* TASK GOAL
The lines to return run from the one containing "Arrow pointing towards" through the end of the material; give them exactly and leave out the pictures.

* DATA EXTRACTS
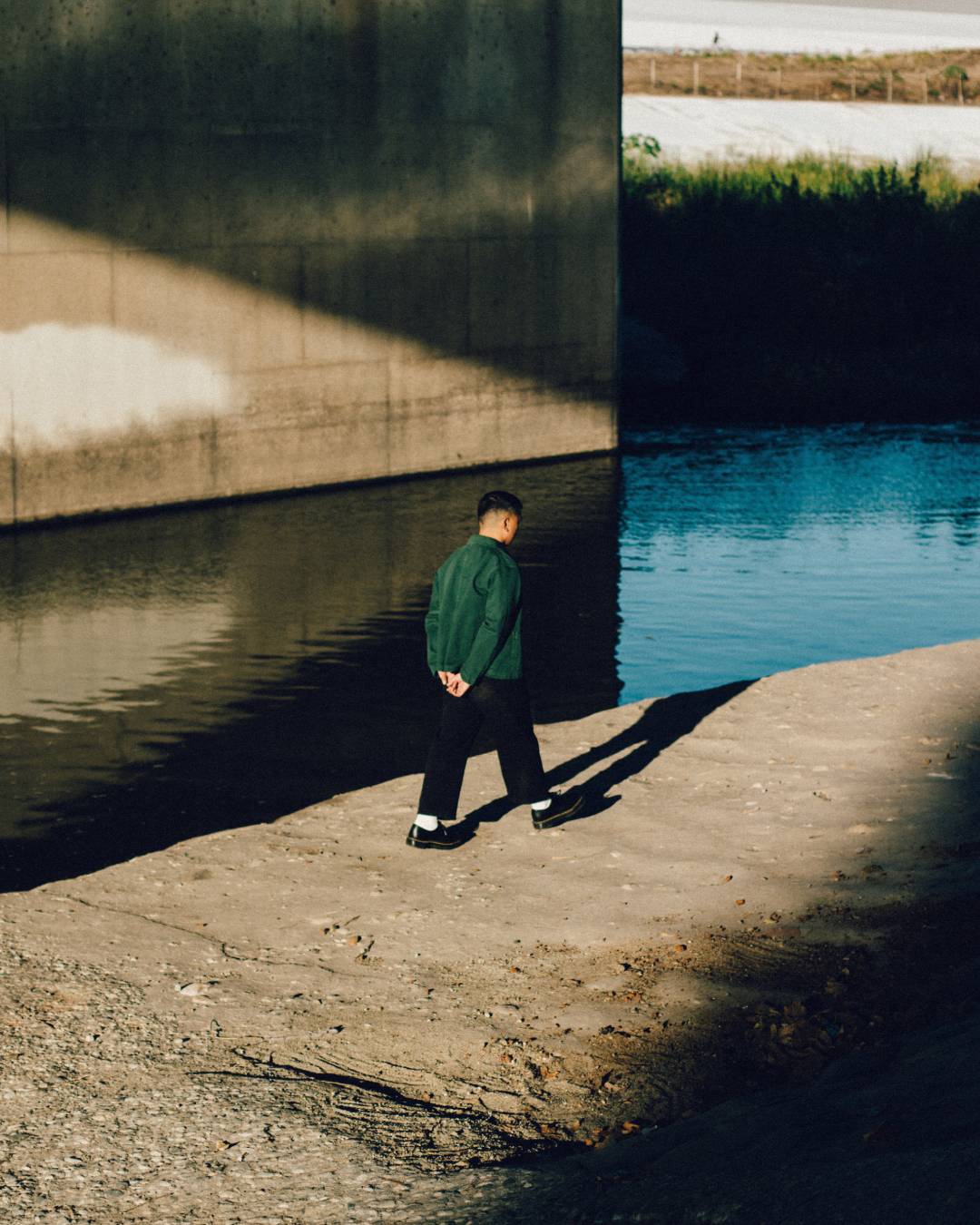 Photo of Chris Datiles, Los Angeles IFS Therapist, wearing a dark green jacket, black trousers, white socks, and dark shoes walking along a concrete ledge beside the LA River. His back is to the camera, hands clasped behind him.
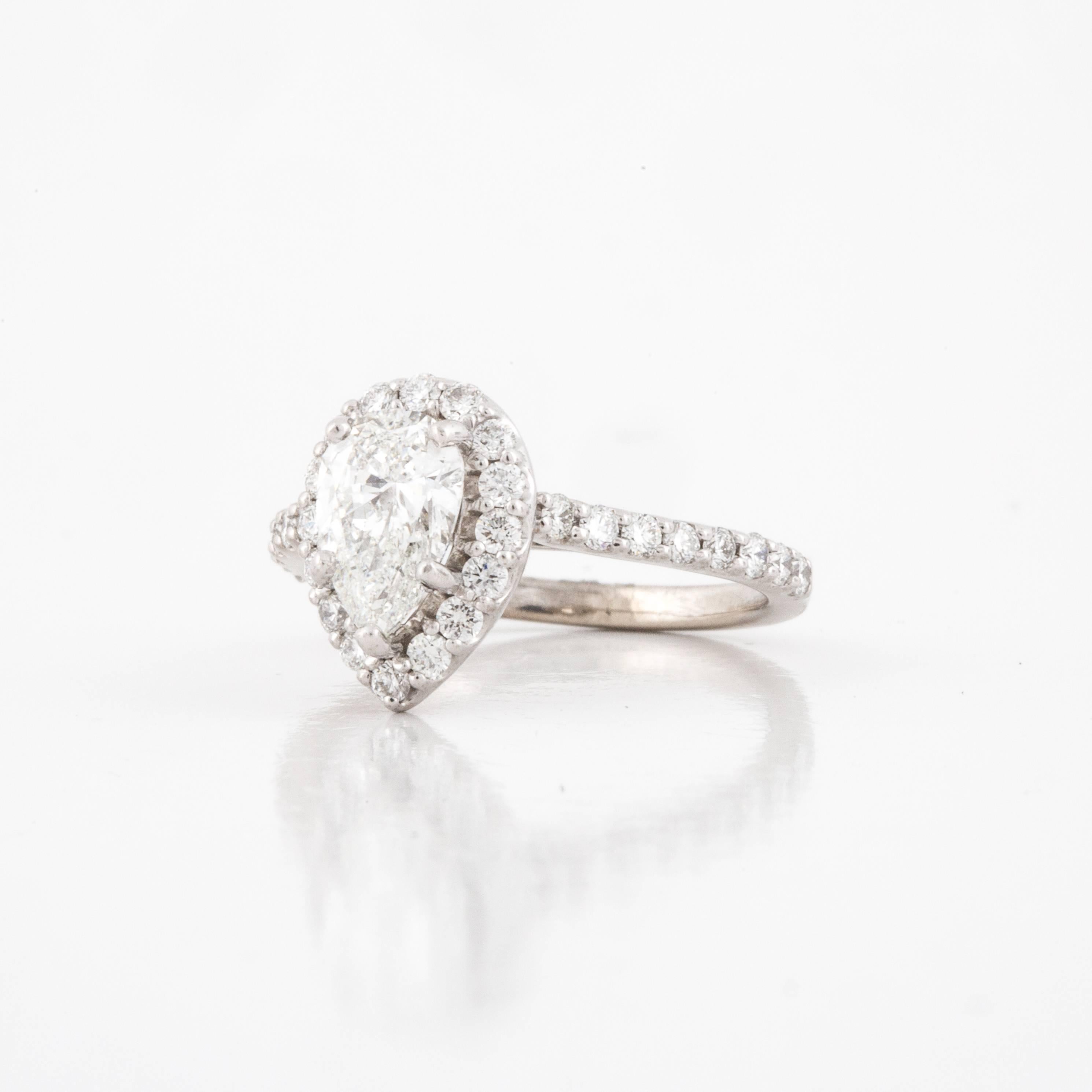 This halo style engagement ring by Ritani features a pear shaped diamond in 14K white gold.  The pear shaped diamond is 0.82 carats, F-G color and SI1-2 clarity.  It is accented by thirty-two (32) round diamonds that total 0.50 carats, G-H color and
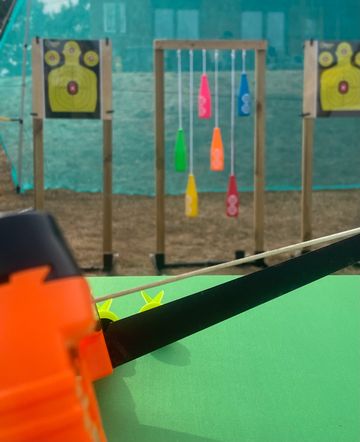 Arrow pointing towards colorful hanging targets at an archery range.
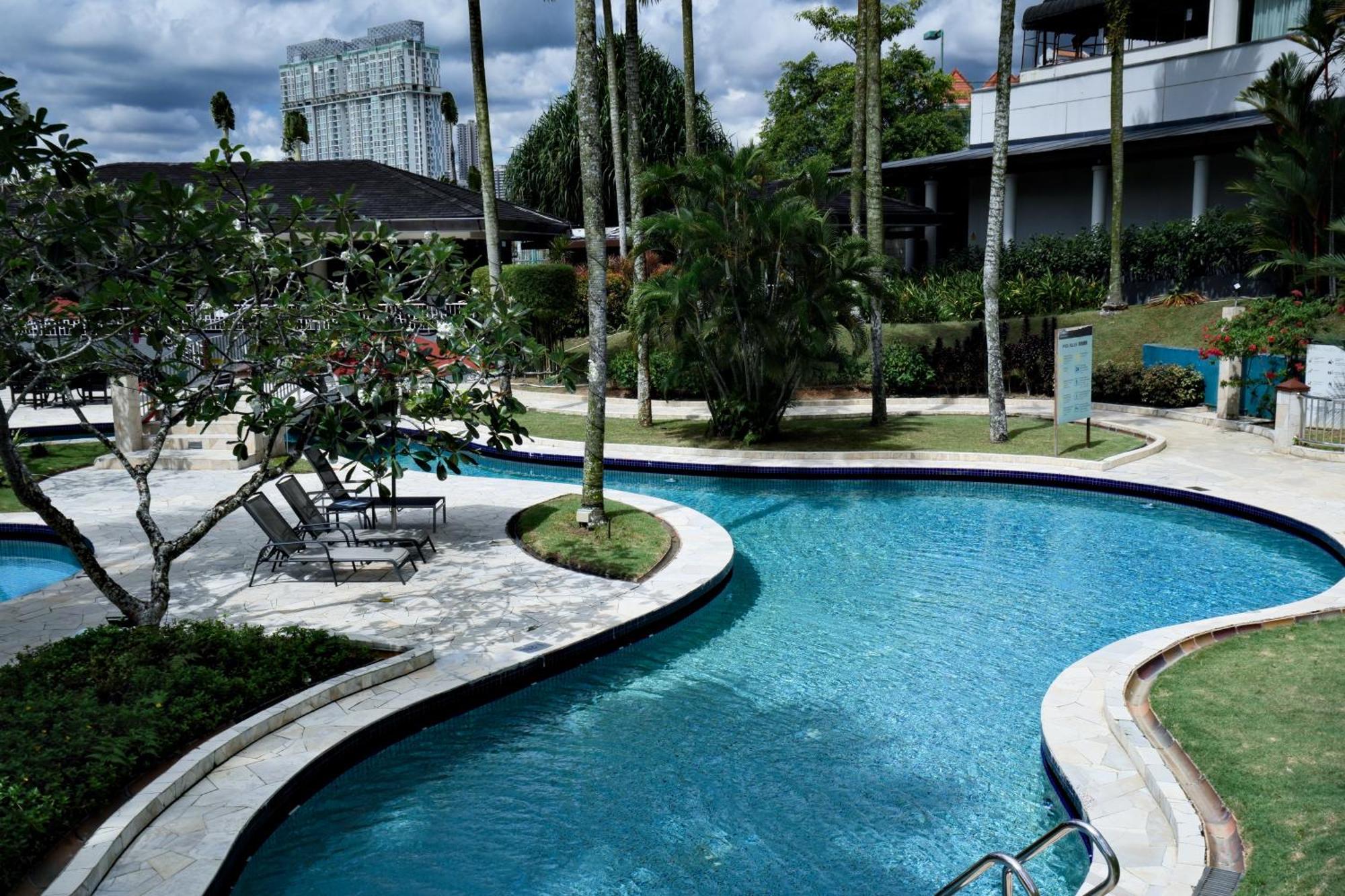 Thistle Johor Bahru Exterior photo The pool at the resort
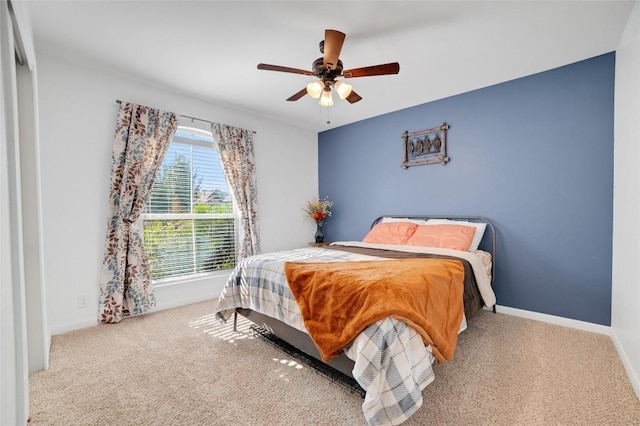 2405 Billy Pat Rd, Leander, TX 78641 - bedroom with carpet floors, baseboards, and ceiling fan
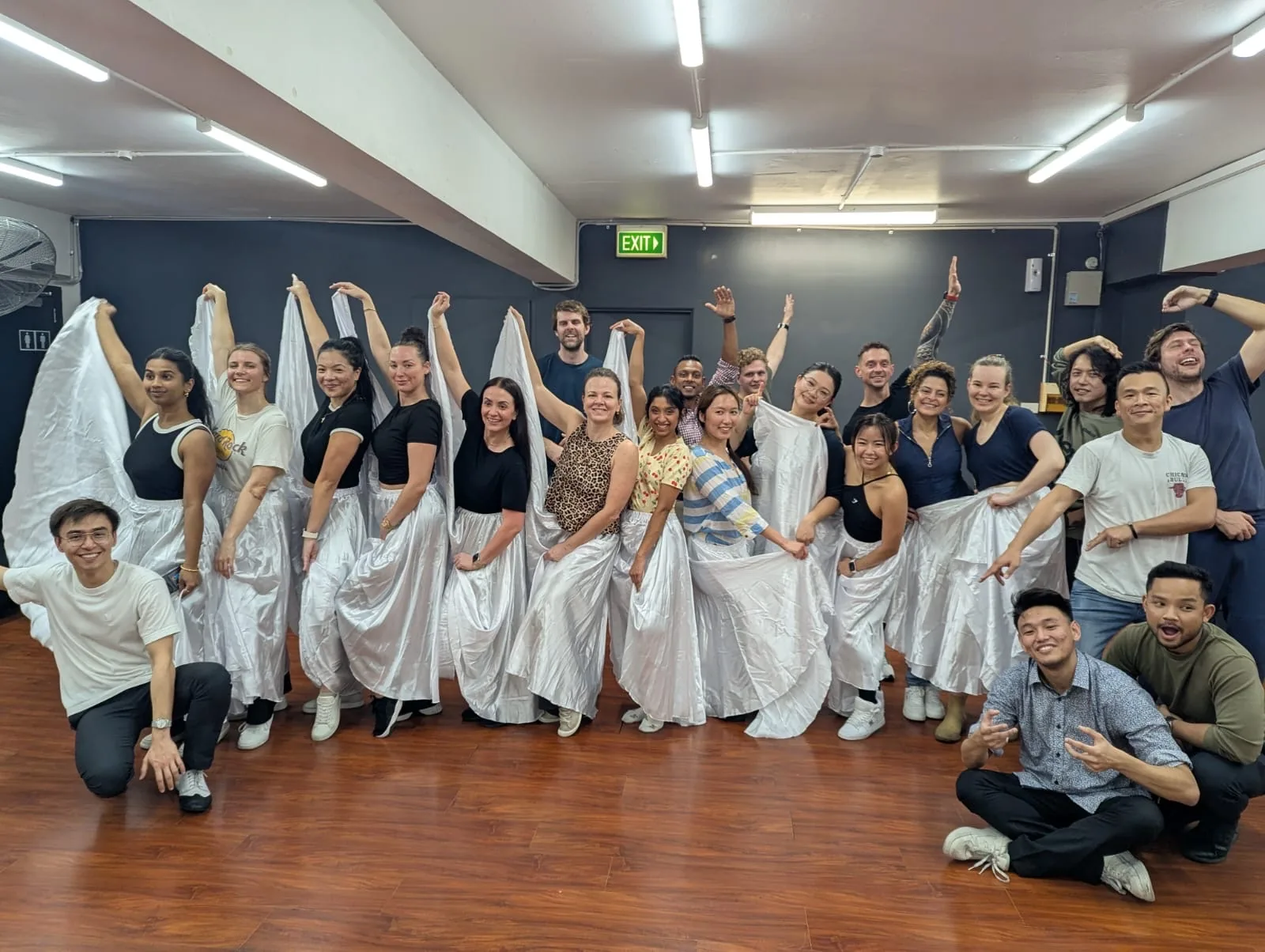 Group of Brazilian Zouk dancers posing on the wooden dance floor at ALMA studio, Sydney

* SOLUTION
 Arrow pointing towards colorful hanging targets at an archery range.
 Thistle Johor Bahru Exterior photo The pool at the resort
 2405 Billy Pat Rd, Leander, TX 78641 - bedroom with carpet floors, baseboards, and ceiling fan
 Group of Brazilian Zouk dancers posing on the wooden dance floor at ALMA studio, Sydney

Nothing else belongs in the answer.